Çoğu kişi, özellikle de bizim toplumumuz soyun erkekten devam ettiğini söylese de bu bilimsel açıdan çürütülmüş, oldukça yanlış bir bilgidir. Bir çocuk gelişimci olarak söylüyorum; SOY KADINDAN DEVAM EDER.
Nedeni ise daha döllenme aşamasından geçer. Erkek sperminin baş kısmı DNA içerir, boyun kısmı ise mitokondri... Ve sperm, yumurtaya giriş yaptığında yumurta, spermin sadece baş kısmını içine alır. Yani erkek sperminin kuyruk kısmı (mitokondri) yumurtaya giriş yapamaz. Bu da demek oluyor ki doğacak olan bebek mitokondriyi SADECE VE SADECE anneden alır. Yani sizin kızınız evlendiğinde anneannelerinin mitokondrisini hem erkek hem de kız çocuğuna geçirecek. Fakat erkek çocuğunuz evlendiğinde soy onun eşinden devam edecek, çünkü mitokondri kadına aittir. Kİ mitokondrilerin önemini araştırmanızı öneririm. HÜcrelerimize gerekli enerjiyi sağlayan organeller olarak geçer. Yani kıscası mitokondri sayesinde gelişiyor, büyüyor, nefes alıyor, hayatta kalabiliyoruz. Genetik materyallerimizin neredeyse yüzde yüzünü annemizden alıyoruz. Erkek de etkili fakat kadın kadar değil.
Yahudi toplulukları bu nedenle dışarıya kız verir, ama dışardan kız almazlar. Onlar da anaerkillik söz konusudur ve asimile olmak istemezler. Yani bilimsel açıdan doğru yoldalar diyebiliriz.
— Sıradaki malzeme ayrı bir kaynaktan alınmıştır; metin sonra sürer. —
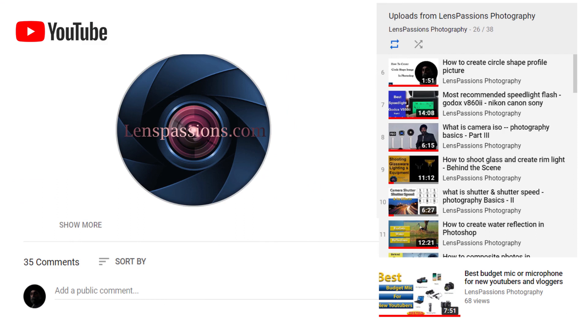Don't forget to comment and also don't forget to give ideas so I can create those videos that you want to watch. Thanks for watching.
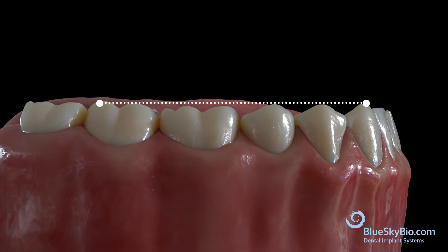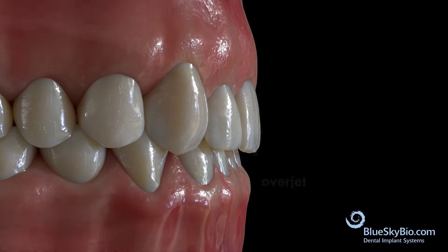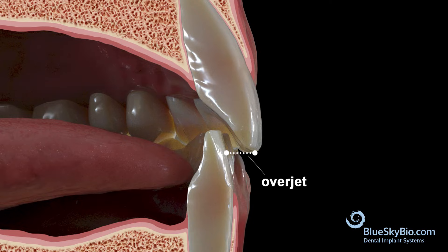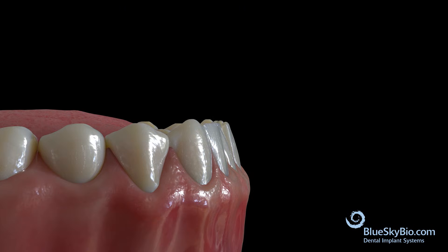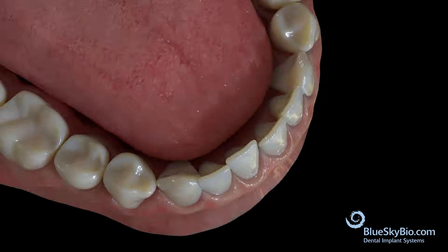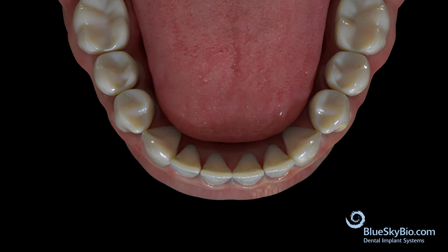When this is done, there will be room created between the labial surfaces of the lower incisors and the lingual of the upper. This space can be used to aid in unraveling of the lower crowded teeth, reducing the need for excessive interproximal reduction.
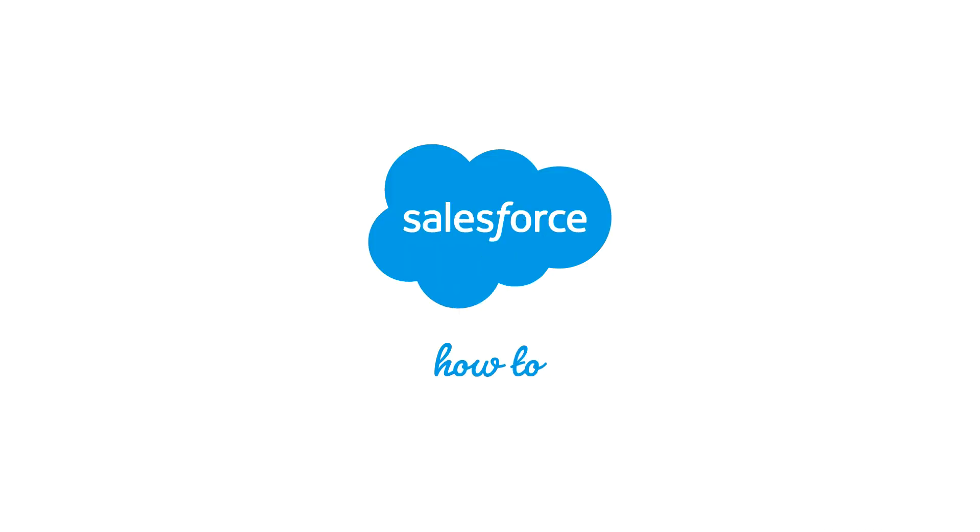Thank you so much for watching our video snack series. For more information, check out help.salesforce.com or join us on the trails at trailblazers.salesforce.com.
Her şeye rağmen önemli olan kavram soy değil, ailedir. Eşitliğe ne olur dikkat ediniz, kız çocuğunuz hakkında söylediğiniz “narin, kırılgan” gibi ithamlar çocuk gelişimi açısından hiç doğru değil. Kız çocuğunuza da bu yönde davranırsanız karakter yapısı, “içe dönük, pasif, kendini ifade edemeyen, özgüvensiz, başkalarının ağzının içine bakan” gibi olumsuz özellikler ve davranışlarla donatılacaktır. Güçten bahsedeceksek beyinden söz etmeliyiz. Zira güç, bedenle sınırlı kalacak kadar basit bir kavram değildir. Çocuklarınıza lütfen imkansız diye bir kavramın olmadığını gösterin. Her bebek sevgiye, ilgiye muhtaçtır. Her bebek tatlıdır. Bunun kızı ve erkeği yok. Lütfen bir cinsiyeti arşa çıkarmak için diğer cinsiyeti gözden çıkarmayın. Yalnızca sizin için değil, herkes için genel anlamda konuşuyorum. Çocuklarınıza “aman kırılır, aman incinir, aman kanar” diye sığ bir görüşle değil, “aman ya bana bir şey olursa, aman ya onun büyüdüğünü göremezsem” gözüyle bakarsanız neden kırılgan değil de güçlü beyinler yetiştirmeniz gerektiğini daha net anlarsınız. Onların yanında daima sizler olmayacaksınız. Bu yüzden bırakın kırılsınlar, incinsinler. HAyatın toz pembe olmadığını, ilk başta kendilerinden başka kimseleri olmadığını bilsinler. Bilsinler ki sizlerden uzak geçirdikleri günlerde yalpalayıp durmasınlar. Aksi takdirde çocuklarınıza en büyük kötülüğü yapmış olursunuz. Eşitlikten kaçınmayınız lütfen. Eklediğim resim derslerde aldığım notlardan oluşmaktadır, soy meselesini daha net anlamanızda yardımcı olabilir. Bizzat sağlık alanında uzman hocamdan aldığım notlardır.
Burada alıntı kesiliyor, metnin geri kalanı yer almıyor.